La discusión sobre el concepto de soberanía nacional es compleja en tiempos actuales, pues debe entenderse ante realidades comerciales y geopolíticas que necesariamente la matizan, como la economía globalizada, las monedas supranacionales, como el euro; los mercados interconectados por cadenas multinacionales de producción y distribución, las migraciones y las fronteras cada vez más borrosas que ya permiten hablar de estados y democracias plurinacionales.

A nuestro líder Supremo, el Lic. López Obrador, le ha dado mucho últimamente por hablar mucho de “soberanía” como sinónimo de particularidad cultural, como una suerte de principio identitario donde reside lo más exclusivo de nuestra identidad y nuestro orgullo (esa ufanía nacionalista que, como decía Jorge Cuesta, es más bien la medida de nuestra siempre viva susceptibilidad).

Estas alabanzas a la soberanía obedecen a que el gobierno de México (en ejercicio de su soberanía) firmó el Tratado de Libre Comercio con Estados Unidos y Canadá, y lo volvió a firmar recientemente, al parecer sin leer con el debido cuidado los términos del contrato. Y bueno, pues nuestros socios han decidido querellarse con México porque los mexicanos o no sabemos leer contratos o se nos olvida por qué los firmamos. Y según nuestro Soberano esas querellas ofenden nuestra soberanía. Y bueno, pues todo indica que, una vez más, se va a armar la infaltable gorda…

En tiempos arcaicos, la soberanía era el poder que se otorgaba a sí mismo un soberano (rey, tirano, dictador) para administrar la ley a su conveniencia y, claro, suponiendo estar él mismo por encima de esa ley. Es el soberano que asume que representa al Estado y al pueblo, y aún a la Patria, porque sus soberanías han encarnado en él, porque él es más soberano aún: “la ley es lo que el soberano dice que es la ley”, como rezaba la definición premoderna.

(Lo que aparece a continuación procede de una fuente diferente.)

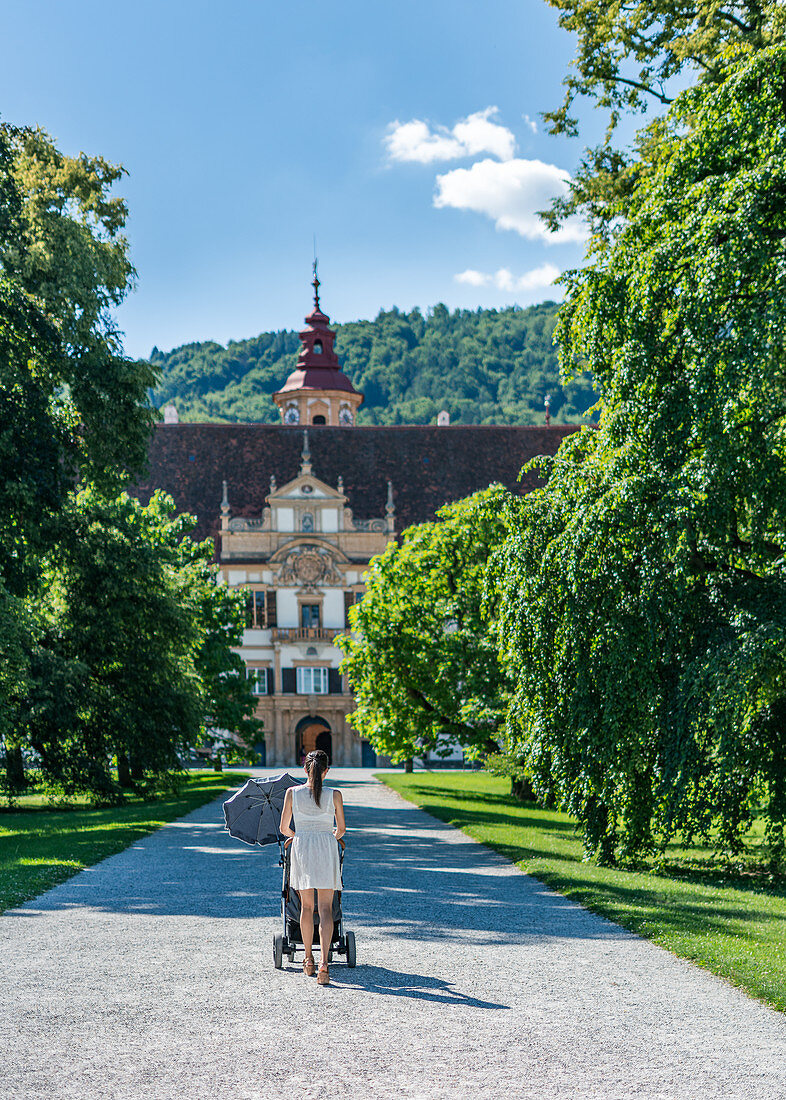 Unterwegs zum Schloss Eggenberg, Graz, Österreich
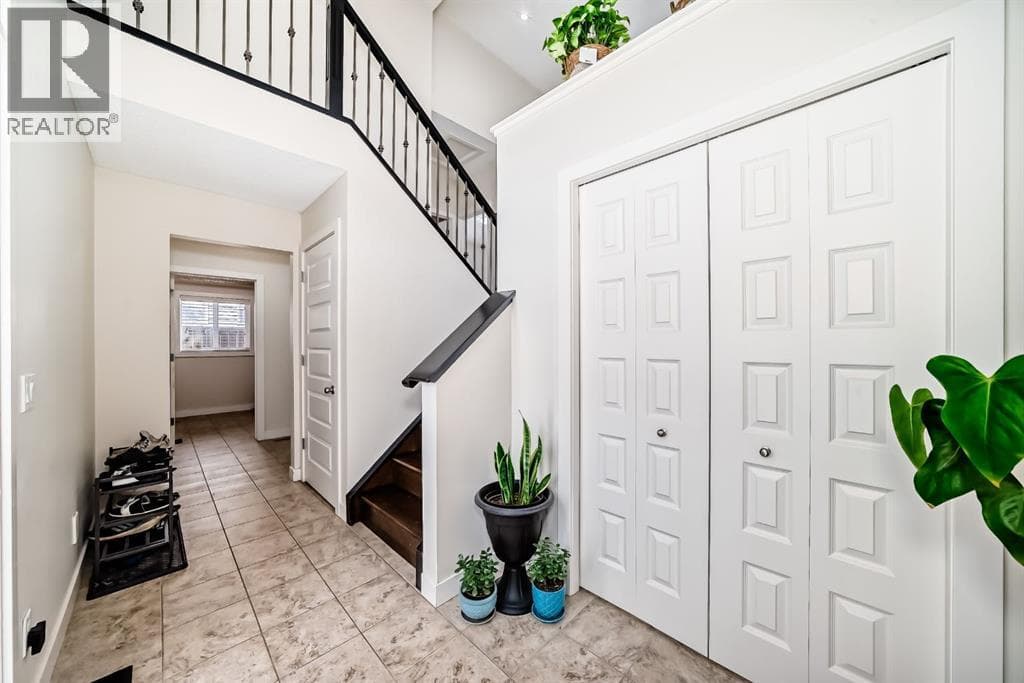612 Montgomery Close SE — photo 3
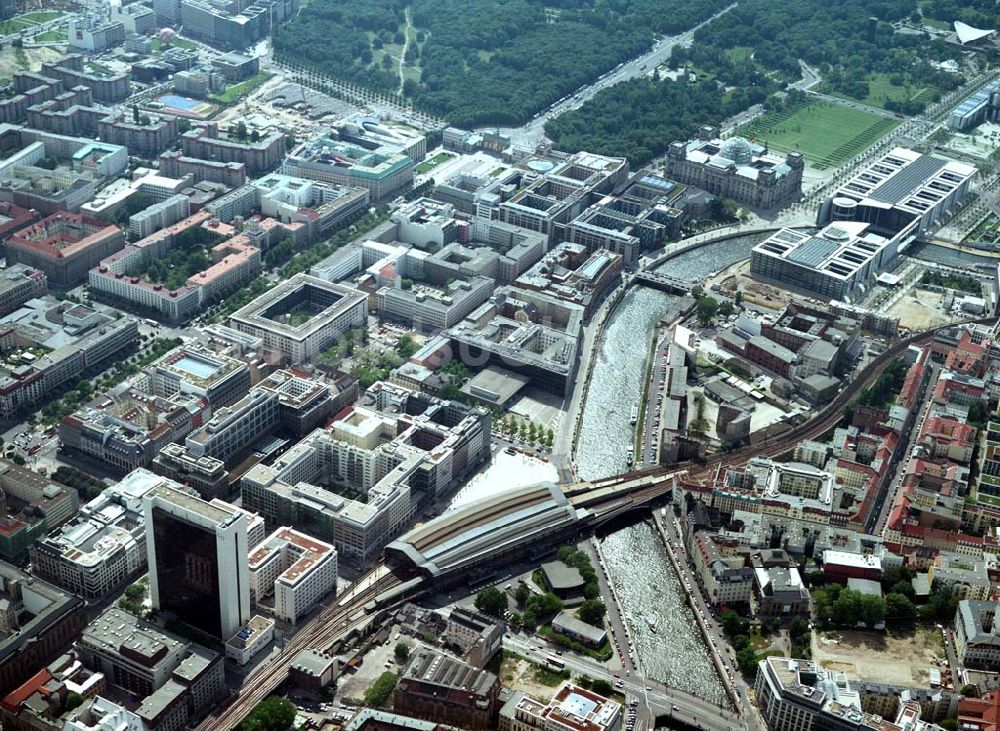 Berlin - Mitte aus der Vogelperspektive: Berlin-Mitte im Bereich Friedrichstraße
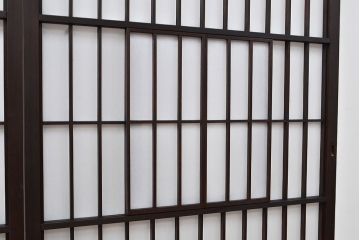 上手物の障子戸4枚をリペア&カスタム!設置場所に合わせてリサイズ。ガラスはクリアガラスへ入れ替え。障子はプラスチック障子に張り替え。濃い茶色で着色し仕上げ。(引き戸、建具)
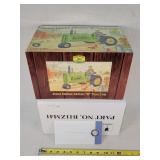 Franklin Mint Tin John Deere B Tractor
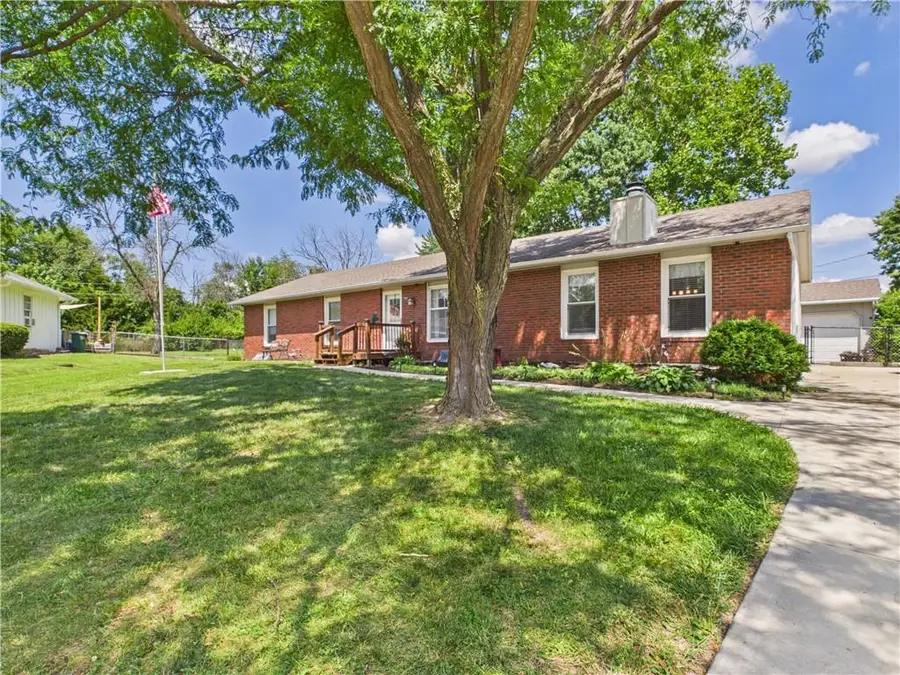922 Ridge Drive, Warrensburg, MO 64093 - #2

Bueno, ni tan premoderna. No son pocos los neosoberanos como los dictadores de Cuba, Venezuela o Nicaragua (por mencionar sólo a los vecinos) que aún entienden así a la soberanía. Soberanos que actúan como tales porque tienen el poder y al ejército, claro, pero también porque asumen que la soberanía popular (que suelen ensalzar) les ha sido entregada en comodato vitalicio por el pueblo, porque lo encarnan más y mejor que nadie.

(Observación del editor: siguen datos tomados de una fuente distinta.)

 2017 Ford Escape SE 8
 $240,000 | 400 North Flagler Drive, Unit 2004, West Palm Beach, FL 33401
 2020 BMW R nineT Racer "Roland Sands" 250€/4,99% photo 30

Se trata de una cesión de soberanía que incluye al poder legislativo, ese que, como dicen los presidentes mexicanos cuando rinden su informe anual, es la verdadera soberanía, la única realmente popular según la ley. Y sí, pero es una soberanía frágil que el soberano suplanta con la suya propia cuando dice que su ley es más ley que la constitución y las leyes que de ella emanan. Su soberanía personal, así parece entenderlo, es superior a la del legislativo; sus leyes de soberano están por encima hasta de la separación de poderes. El mexicanísimo resumen “mi palabra es la ley”, que antes era una bravata de borracho lamentable, comienza a ser, poco a poco, razón de Estado…

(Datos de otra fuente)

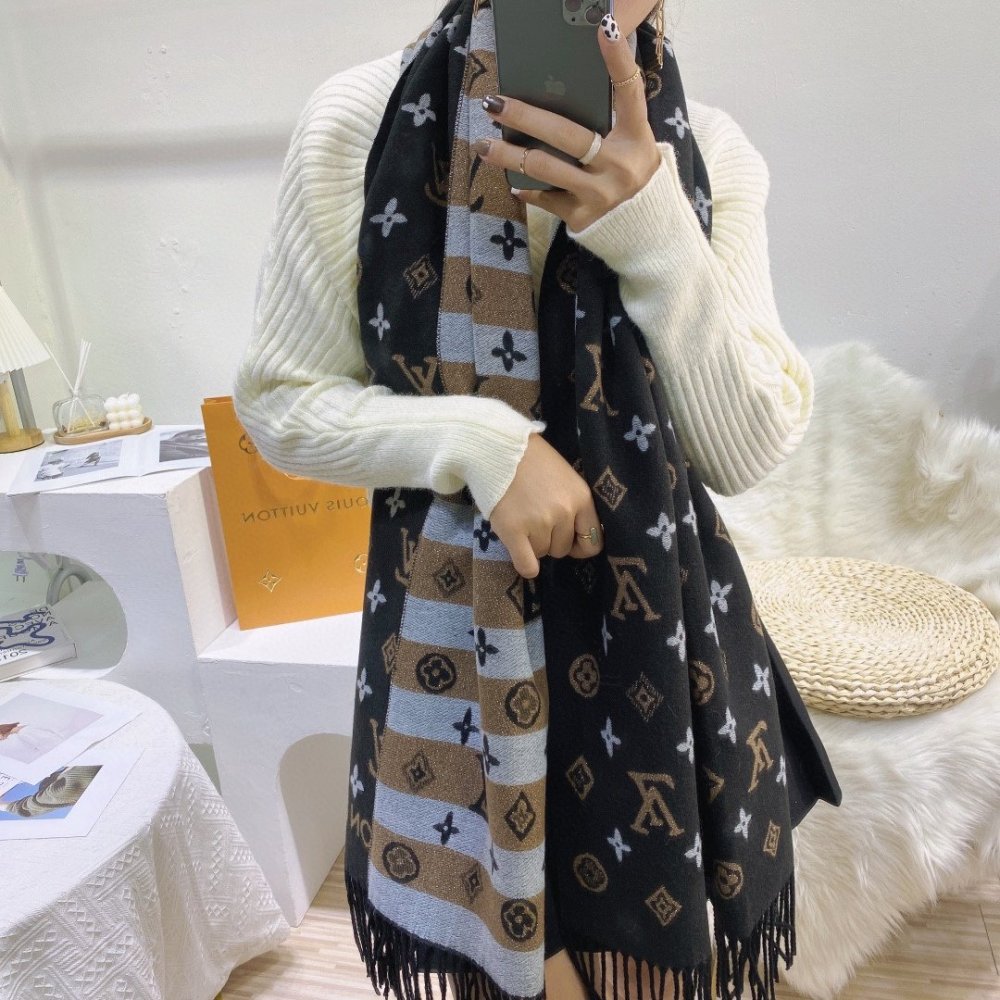 ルイヴィトンマフラーコピー 定番人気2022新品 Louis Vuitton ルイヴィトンマフラー0037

Es curioso. Nuestro actual Soberano cree encarnar la soberanía del pueblo, la legal, la popular, la moral, la cultural y las demás que le pongan. “El pueblo es el soberano, es el que pone y quita, es el que manda”, suele repetir, calurosamente. Pero sólo él sabe qué pueblo es ese y qué dice ese pueblo. En una mañanera reciente presumió ser el único mexicano que conoce todos los municipios y el mexicano que más habla con los mexicanos. Y si alguien no lo cree, retó con valentía, “aquí los espero” (“aquí” siendo el Palacio Nacional, donde residen él y la soberanía). Su palabra es la ley.